- WHAT YOU NEED TO DO
Everything from the line holding "For Xiaomi 14T" through the last line of the records should be repeated word for word, and pictures should be omitted.

- DATA FOR PROCESSING
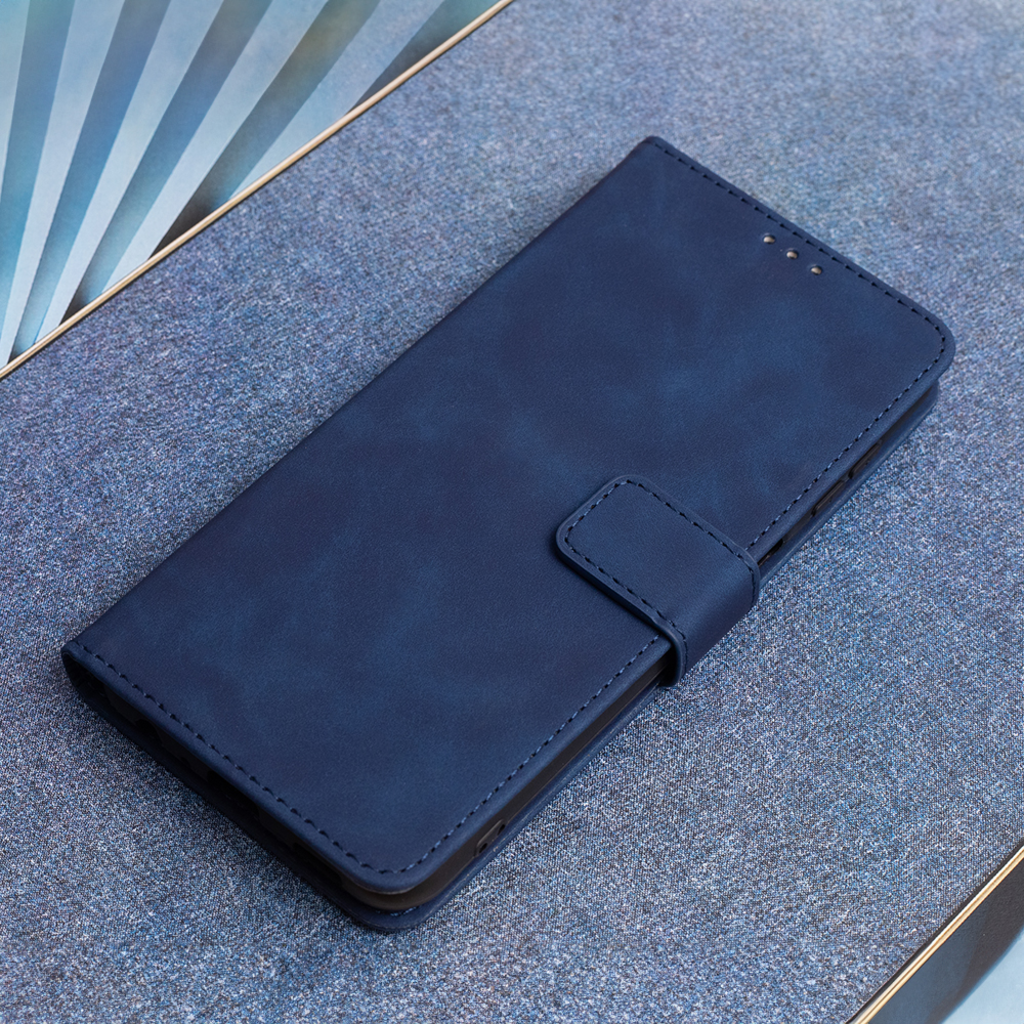 Smart Velvet tok Xiaomi Redmi 9A/ 9AT/ 9i sötétkék tok - 8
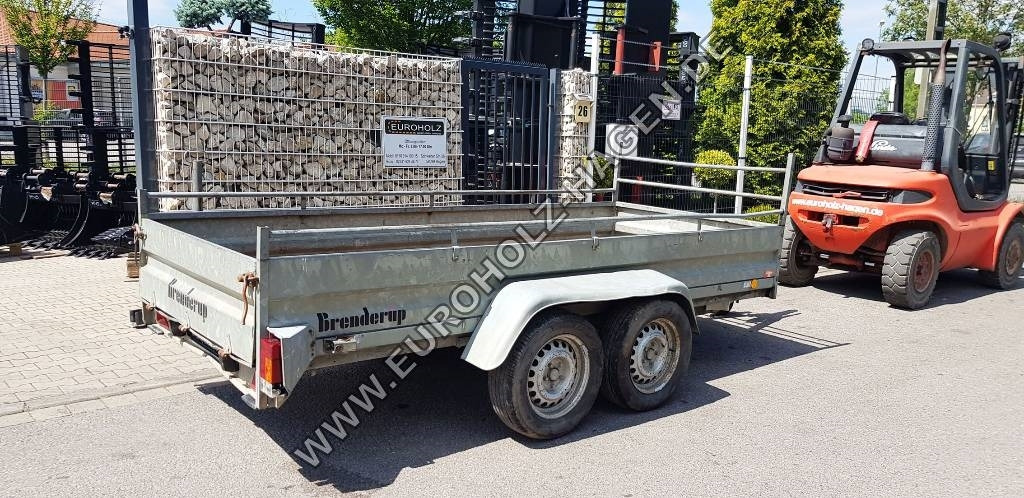 Open/ Plateau aanhangwagen Brenderup Tandem Anhänger mit 2-Achsen: afbeelding 13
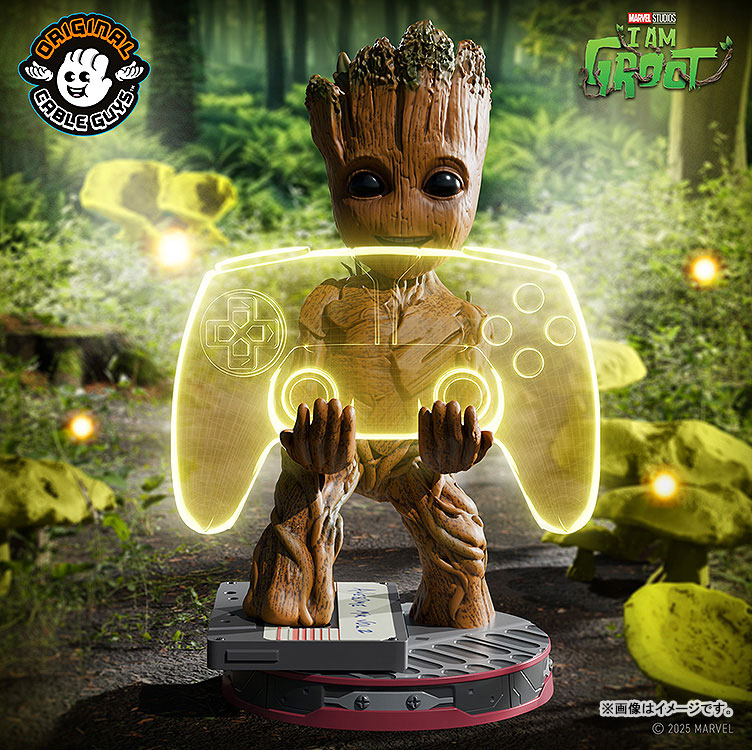 Marvel “よちよちグルート” ケーブルガイズ コントローラー&スマホホルダー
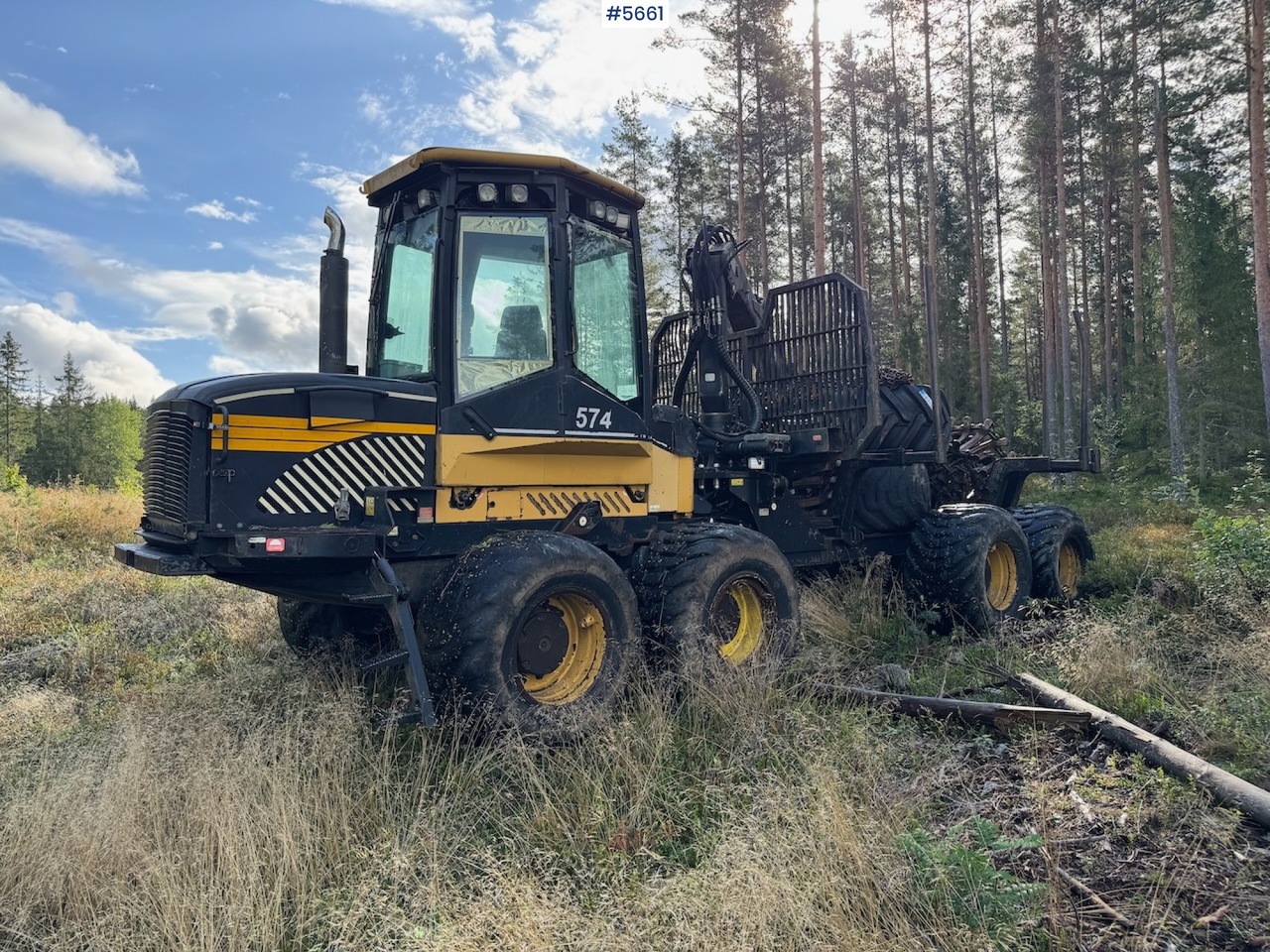 2009 Eco Log 574C - Пренесувач на стебла: слика 5 2009 Eco Log 574C - Пренесувач на стебла: слика 5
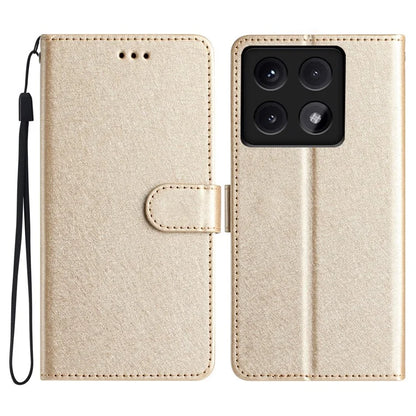 For Xiaomi 14T Wallet Case Leather Folio Phone Cover Magnetic Clasp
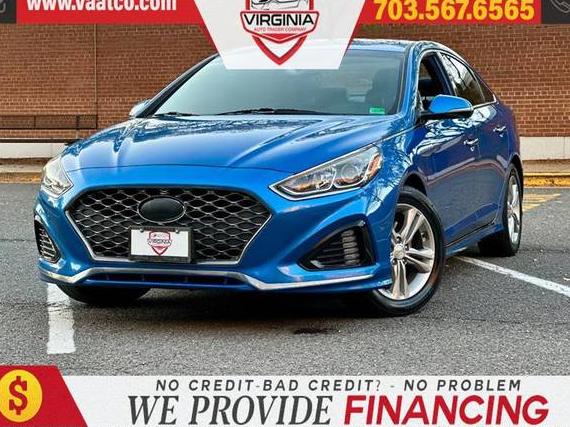 HYUNDAI SONATA 2018 5NPE34AF8JH650349 image HYUNDAI SONATA 2018 5NPE34AF8JH650349 image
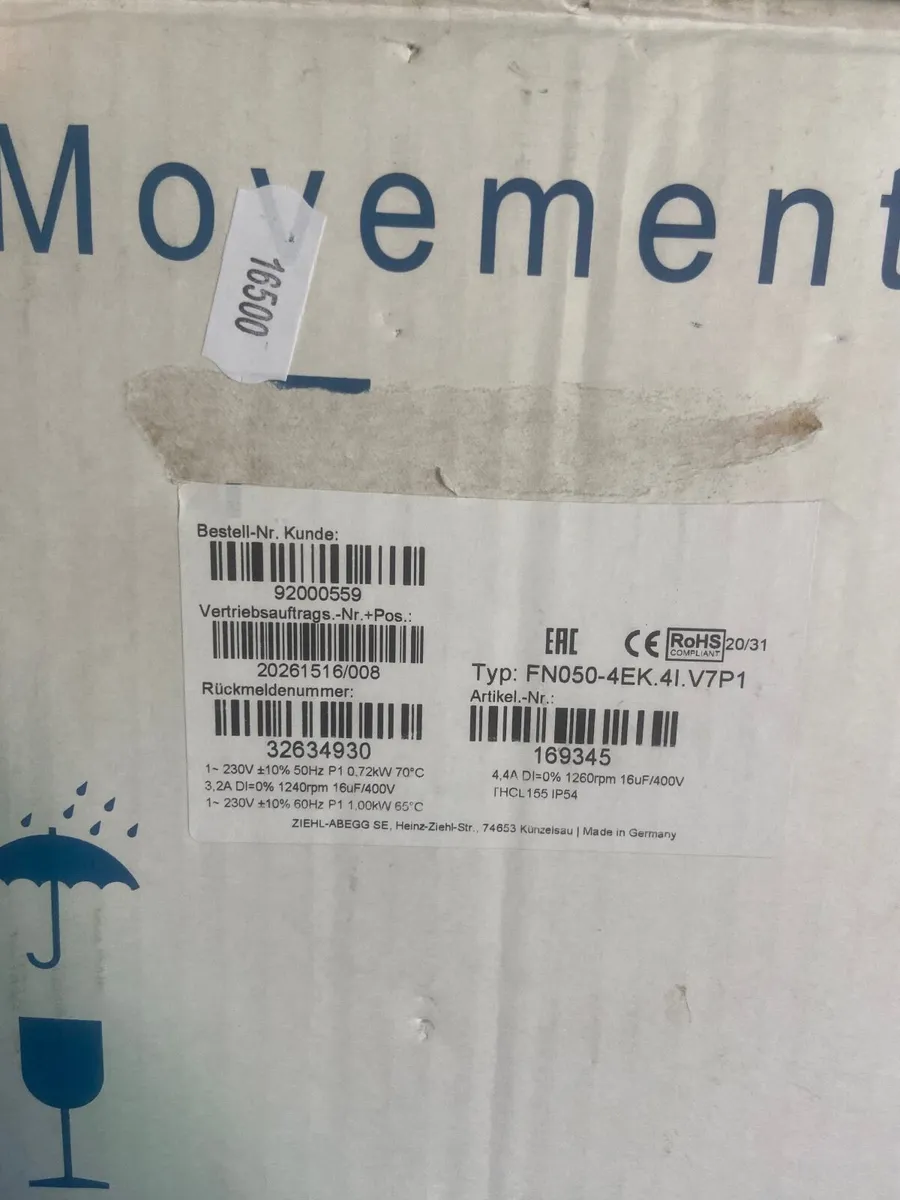 Commercial fan - Image 1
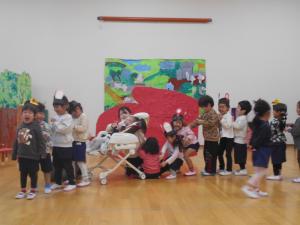 3歳児　お話遊び８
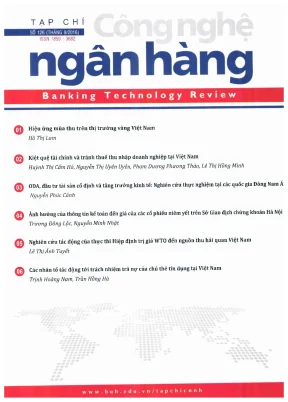 Công nghệ ngân hàng 126: Biên tập viên Nguyễn Ngọc Thạch 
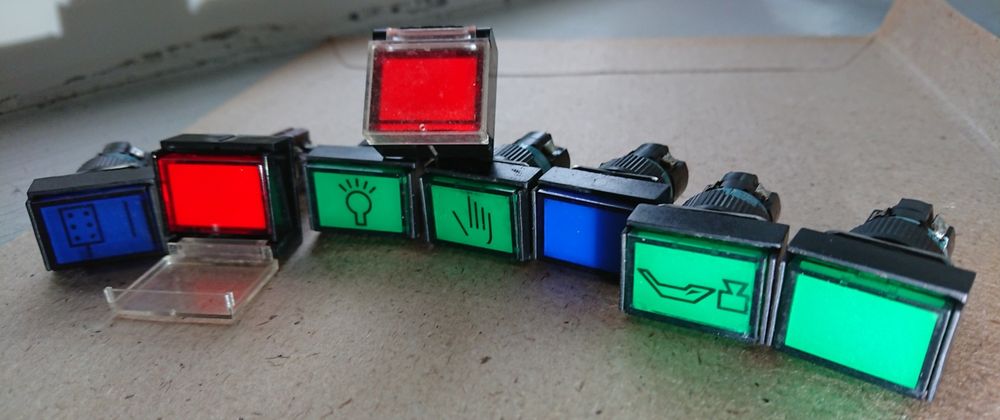 Переключатели/кнопки/кнопочные переключатели: Fuji electric, EAO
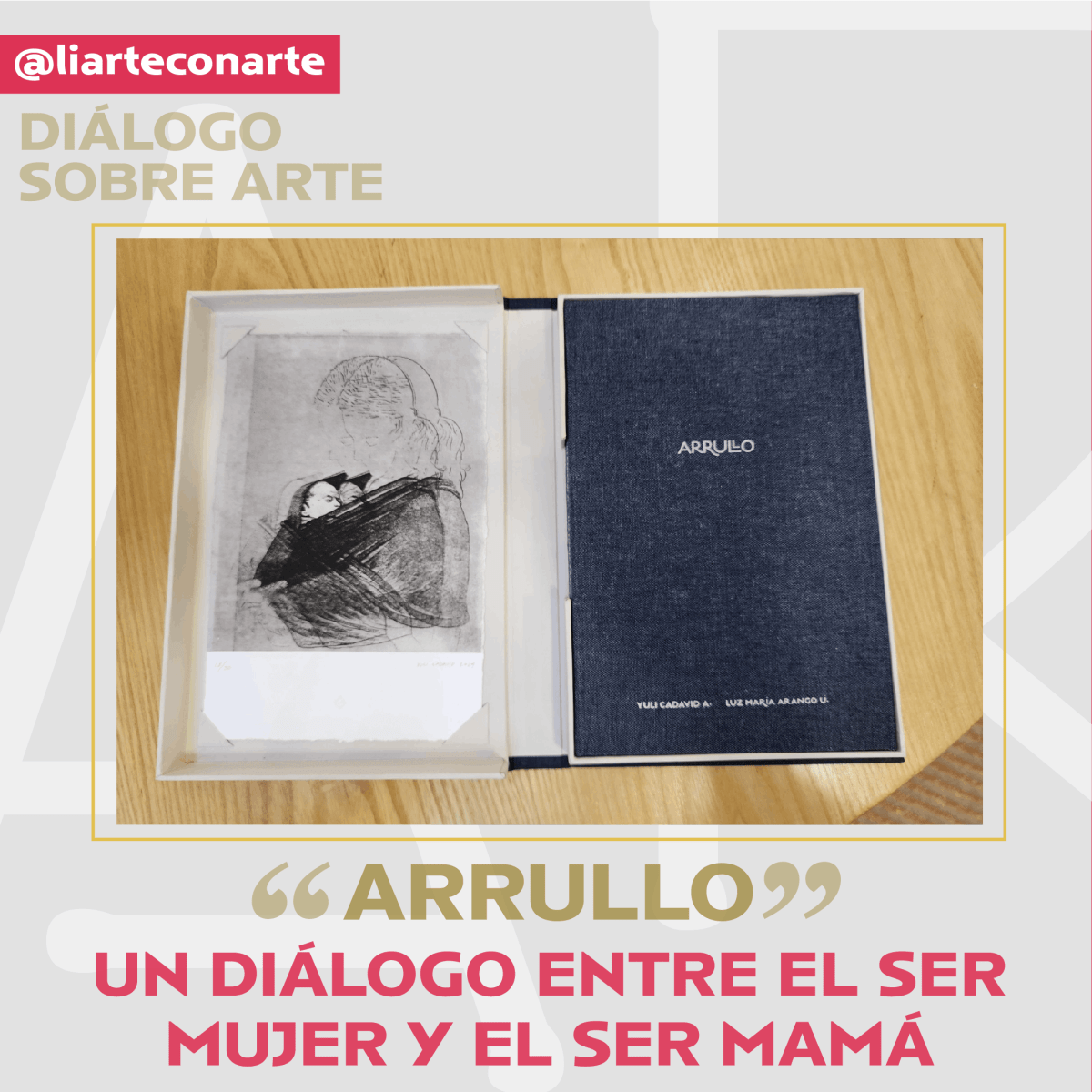 “Arrullo”, un diálogo entre el ser mujer y el ser mamá
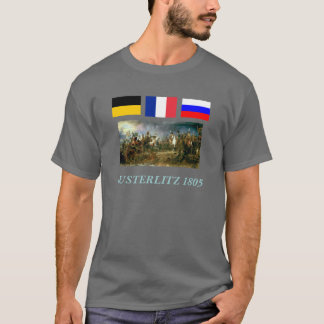 Napoleon på Austerlitz T-shirt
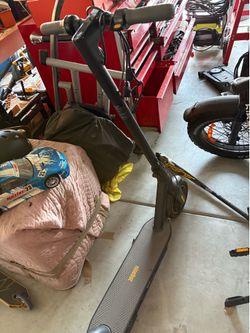 Ninebolt electric scooter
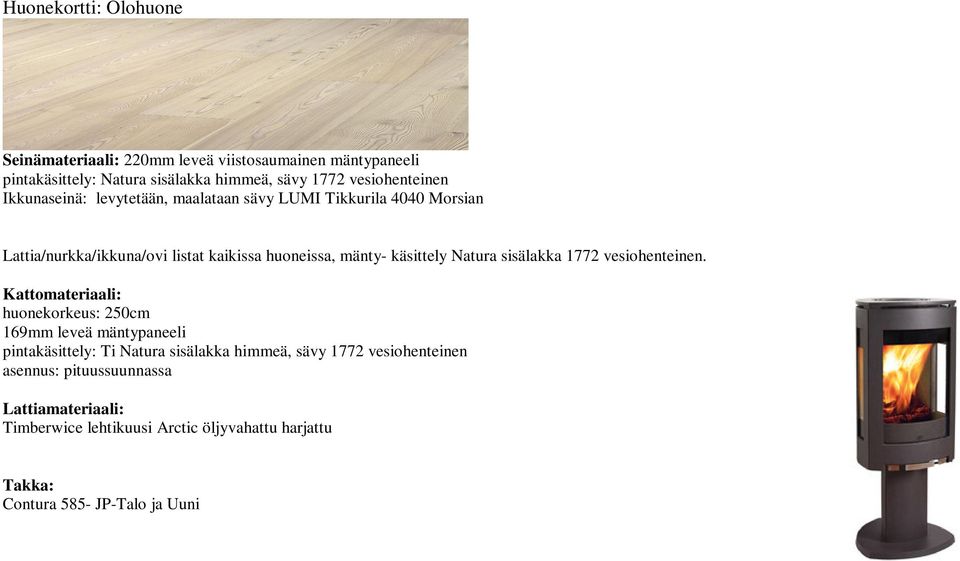 Natura sisälakka 1772 vesiohenteinen.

- EXERCISE RESPONSE
 For Xiaomi 14T Wallet Case Leather Folio Phone Cover Magnetic Clasp
 HYUNDAI SONATA 2018 5NPE34AF8JH650349 image HYUNDAI SONATA 2018 5NPE34AF8JH650349 image
 Commercial fan - Image 1
 3歳児　お話遊び８
 Công nghệ ngân hàng 126: Biên tập viên Nguyễn Ngọc Thạch 
 Переключатели/кнопки/кнопочные переключатели: Fuji electric, EAO
 “Arrullo”, un diálogo entre el ser mujer y el ser mamá
 Napoleon på Austerlitz T-shirt
 Ninebolt electric scooter
 Natura sisälakka 1772 vesiohenteinen.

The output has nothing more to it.